Exercise directions » Write out exactly the lines from the one containing "Wohnung zur Miete" to the end of the material, both ends included, and nothing else. Leave pictures out.

Supplied data »
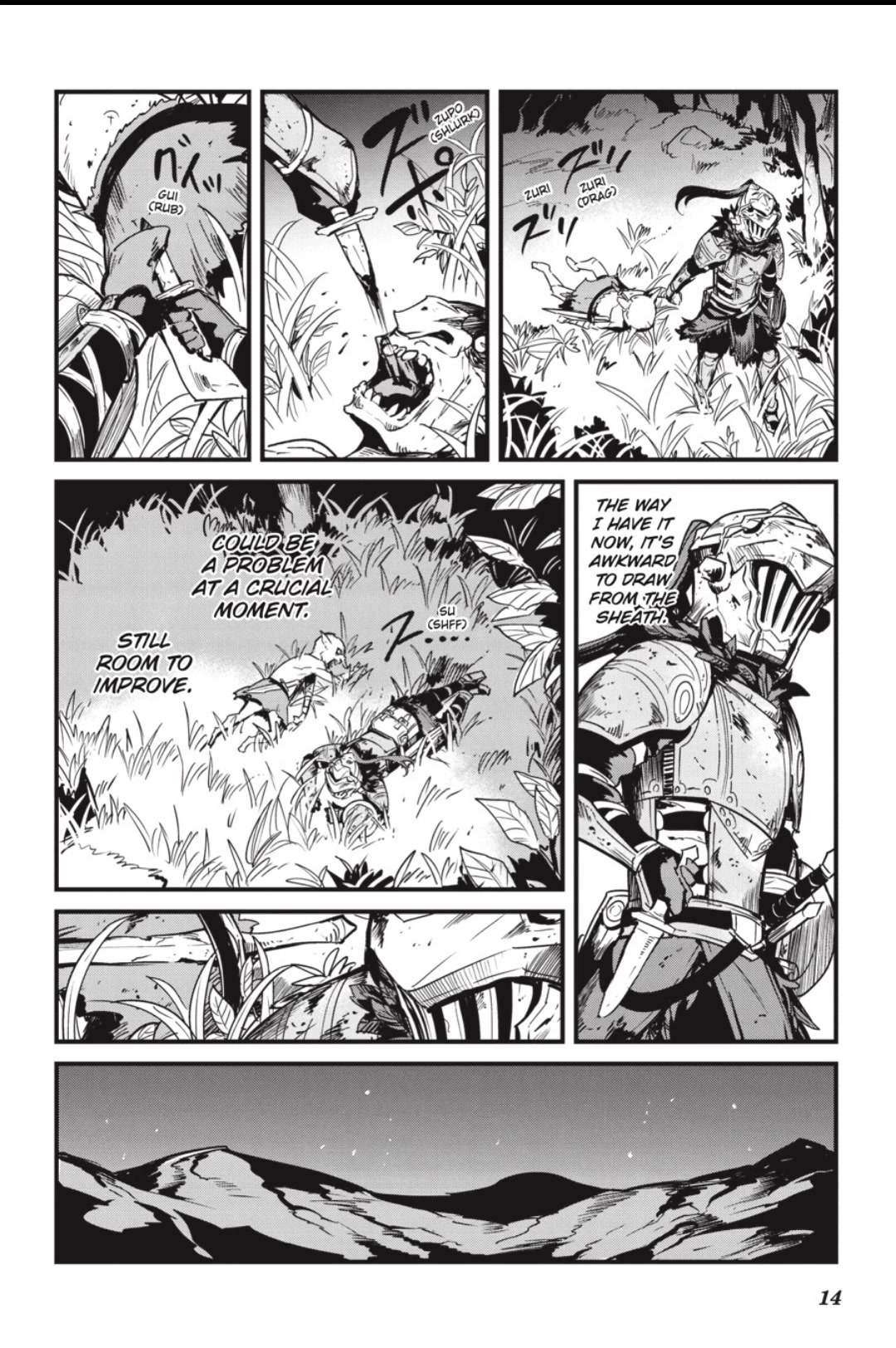 Goblin Slayer: Side Story Year One Chapter 79 page 15 - Chapter 79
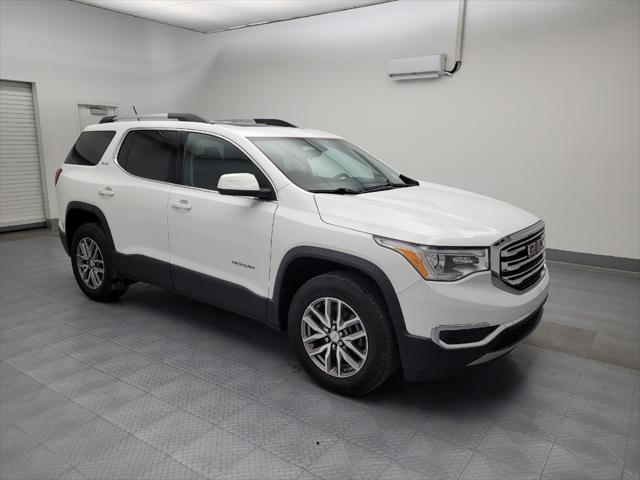 used 2019 GMC Acadia car, priced at $23,295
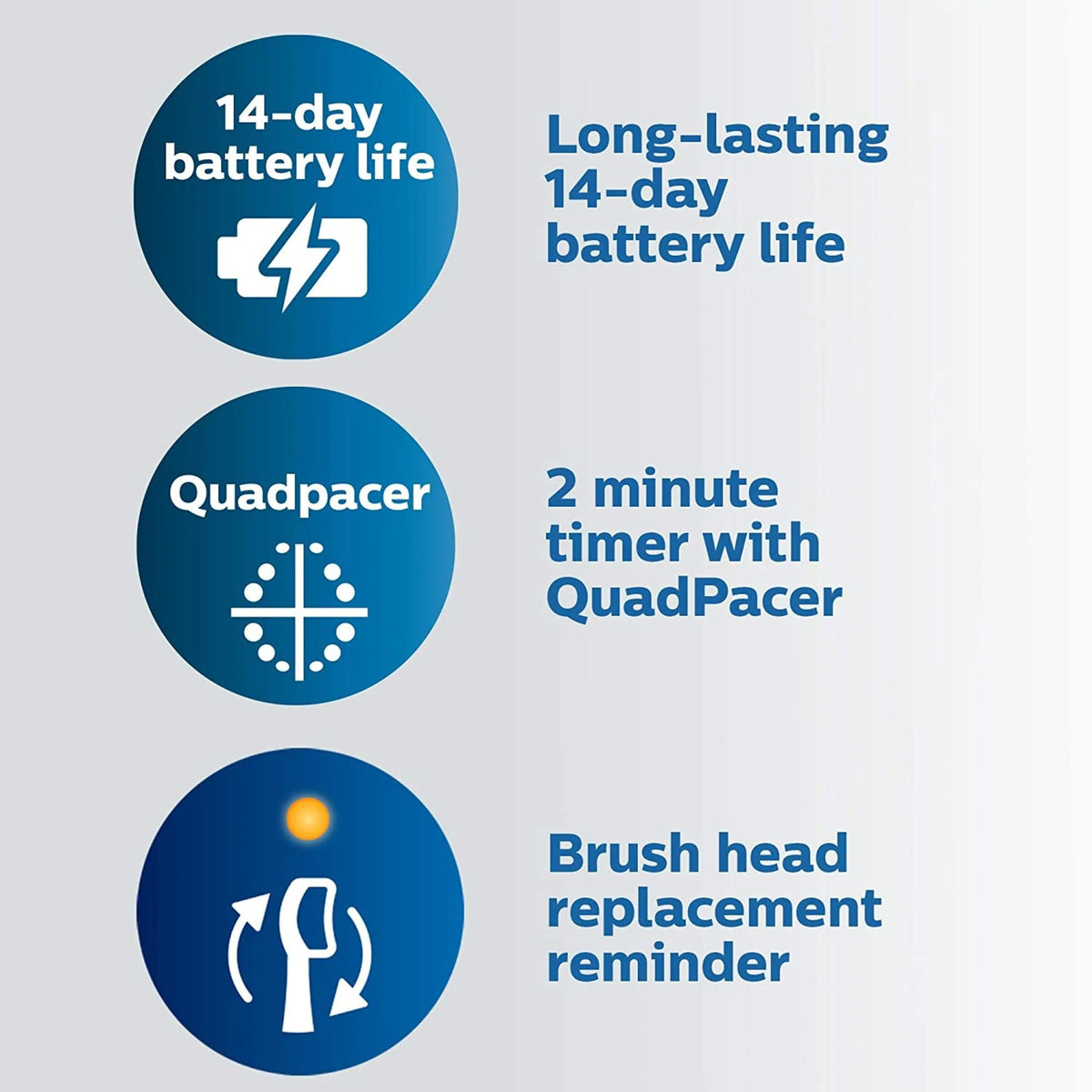Rechargeable Electric Toothbrush N96190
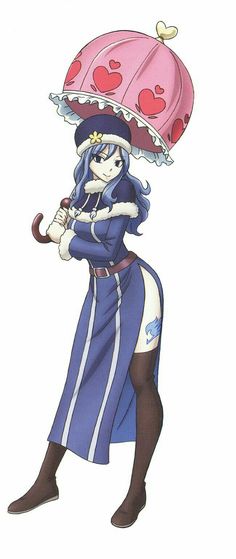 Juvia (Fairy Tail)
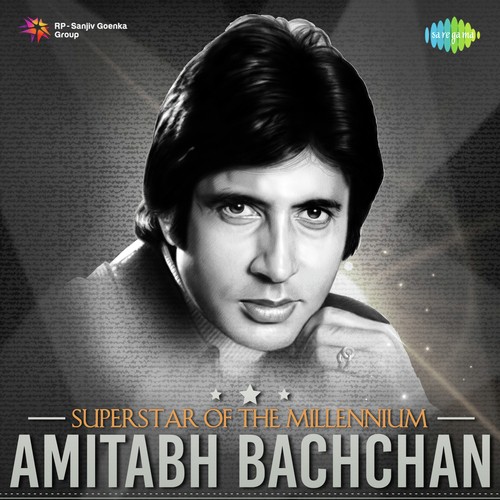 Superstar of the Millennium - Amitabh Bachchan
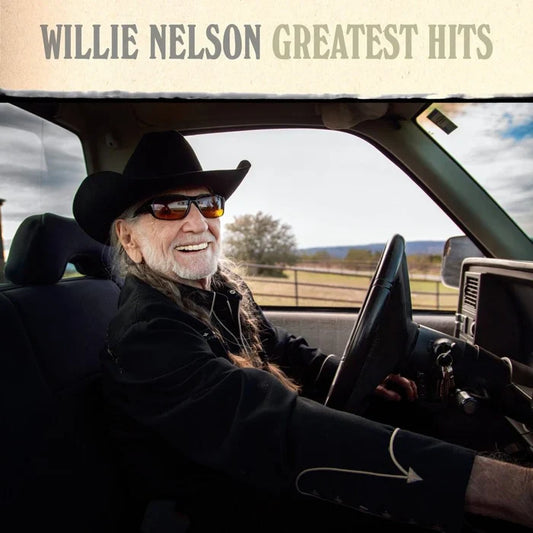 Willie Nelson – Greatest Hits (Vinyl 2LP) { vinyl }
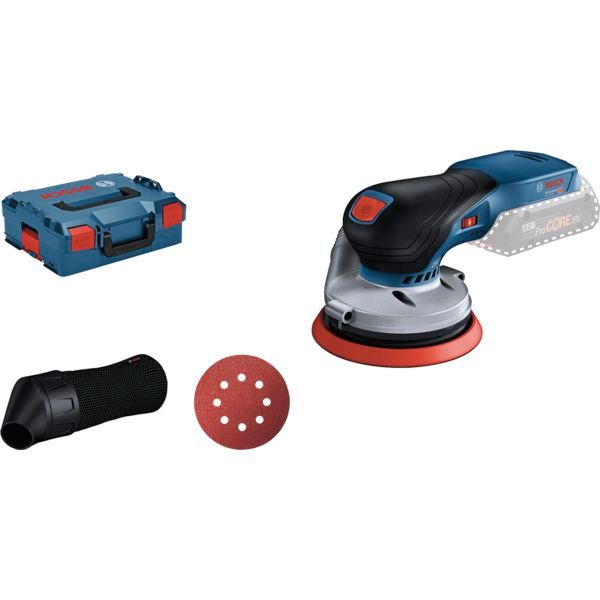 Ponceuse excentrique GEX 18V-125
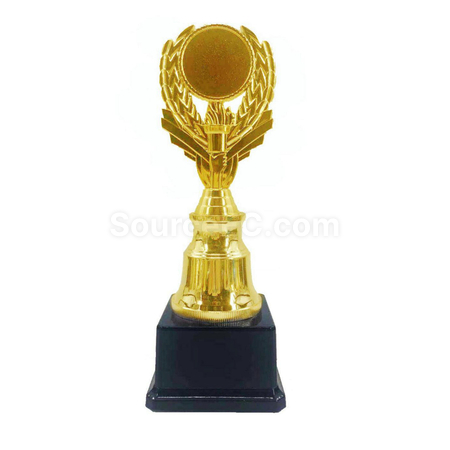 Customization Metal Trophy Corporate Gifts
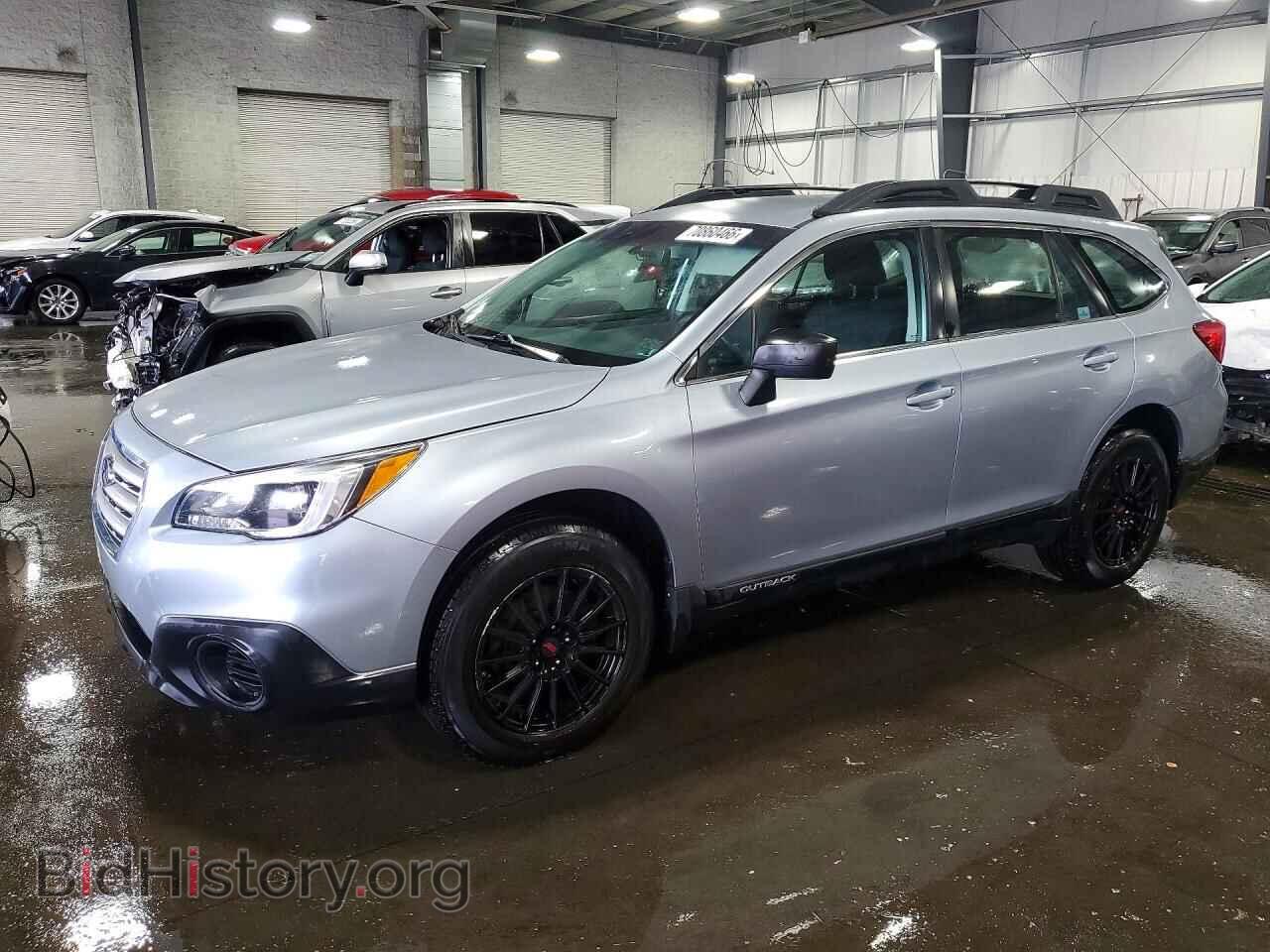 Photo 4S4BSAAC9H3332221 - SUBARU OUTBACK 2017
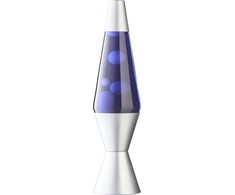 LIGHT - UP - Lava Lamp 36 cm - Enchanting Violetinė (6112J)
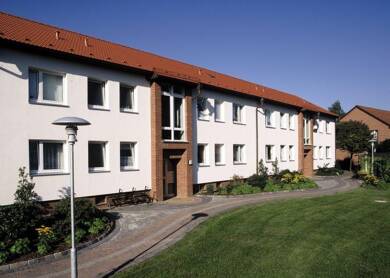 Wohnung zur Miete 403 € 1 Zimmer 25,2 m² EG Bahnhofstraße 14 Friedrichsgabe Norderstedt 22844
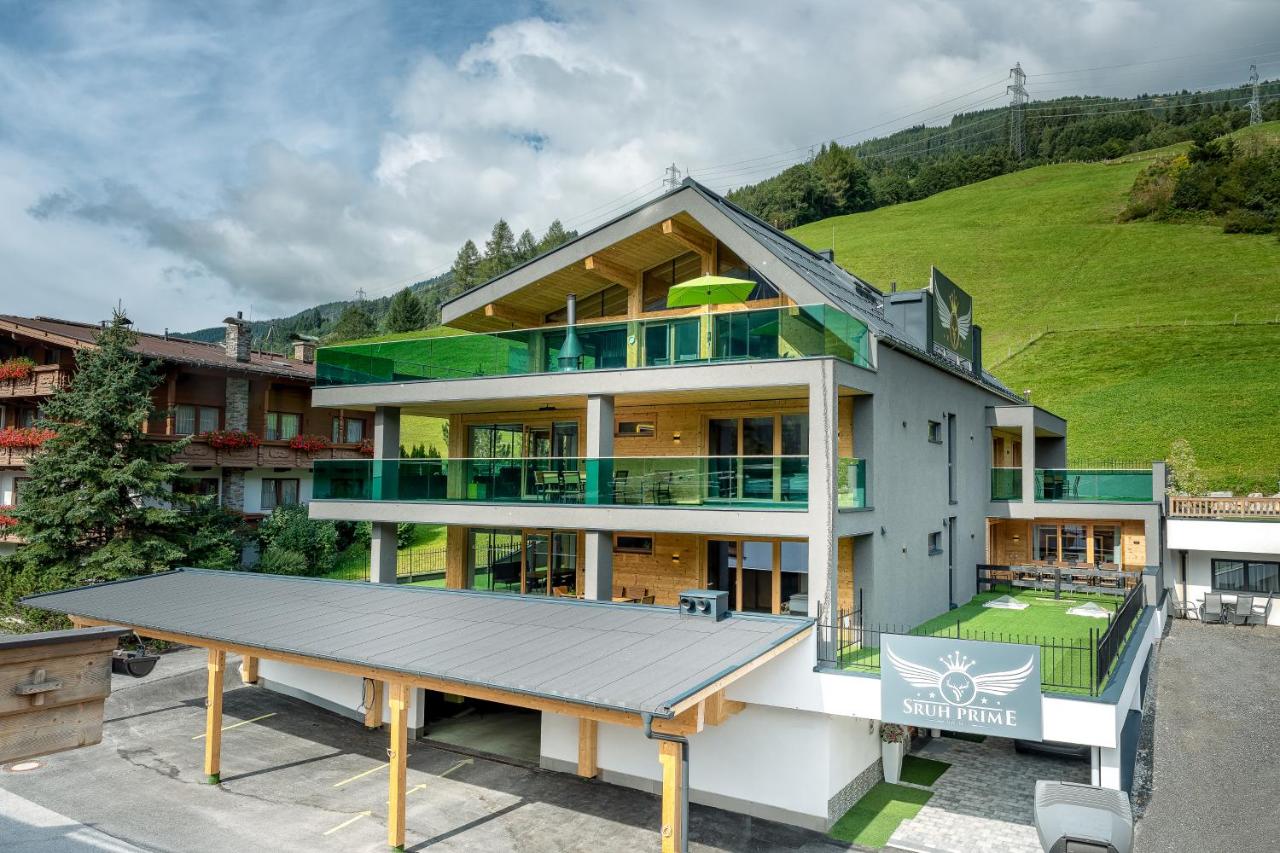 Sruh Prime Apart - Chambres d’hôtes Gerlos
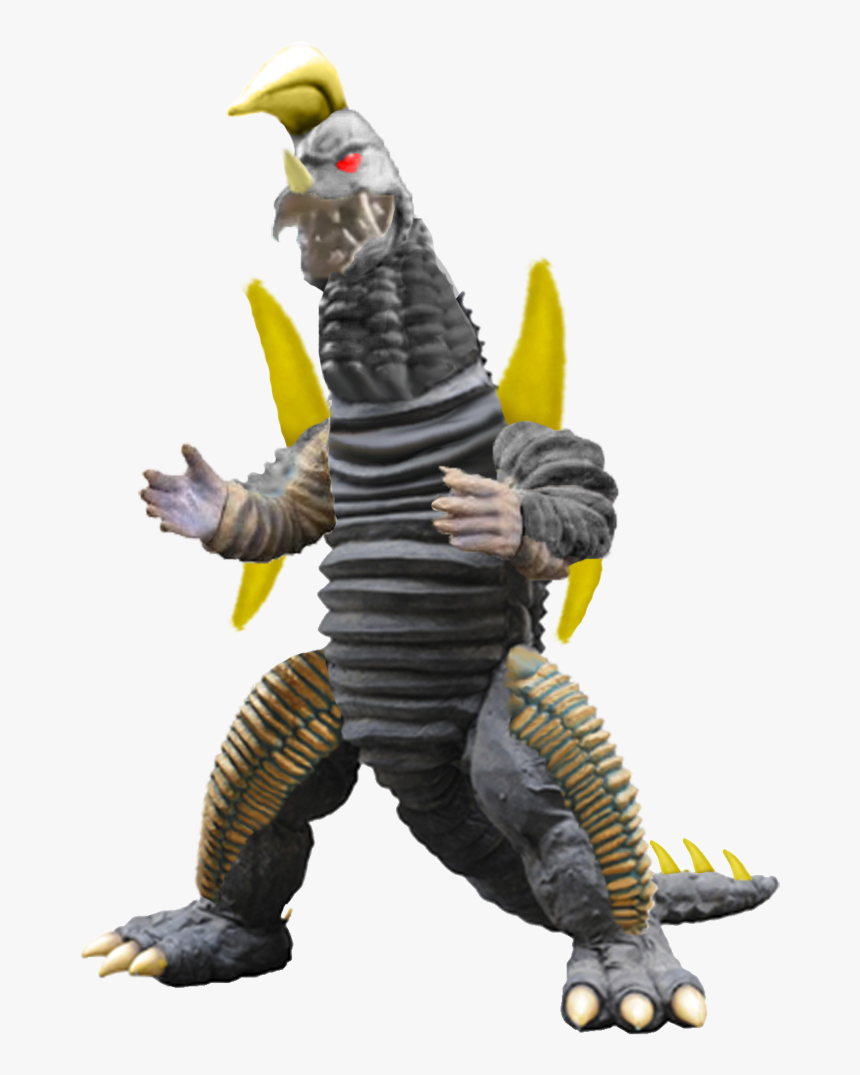 Ultra-fan Wiki - ระบายสี โก โม ร่า, HD Png Download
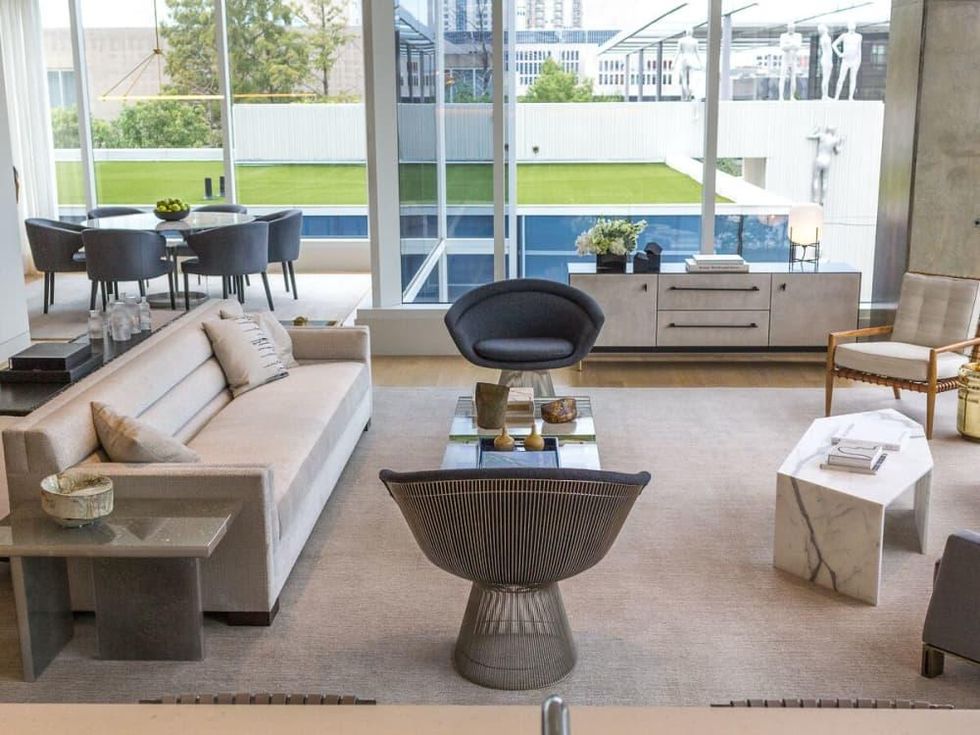 Hall Arts residences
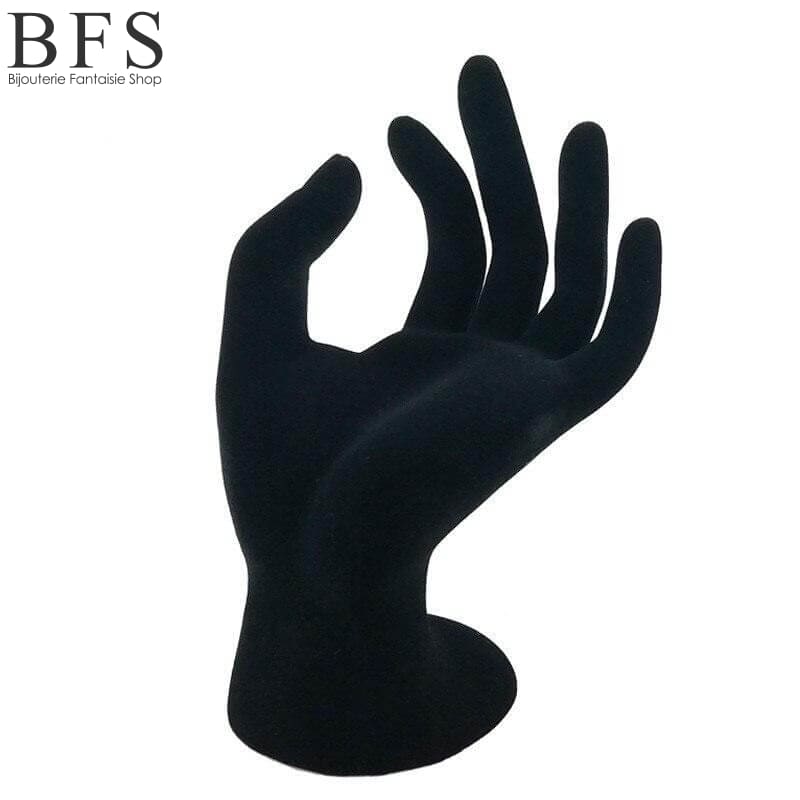 Porte-Bijoux-Main-Noire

Written solution »
 Wohnung zur Miete 403 € 1 Zimmer 25,2 m² EG Bahnhofstraße 14 Friedrichsgabe Norderstedt 22844
 Sruh Prime Apart - Chambres d’hôtes Gerlos
 Ultra-fan Wiki - ระบายสี โก โม ร่า, HD Png Download
 Hall Arts residences
 Porte-Bijoux-Main-Noire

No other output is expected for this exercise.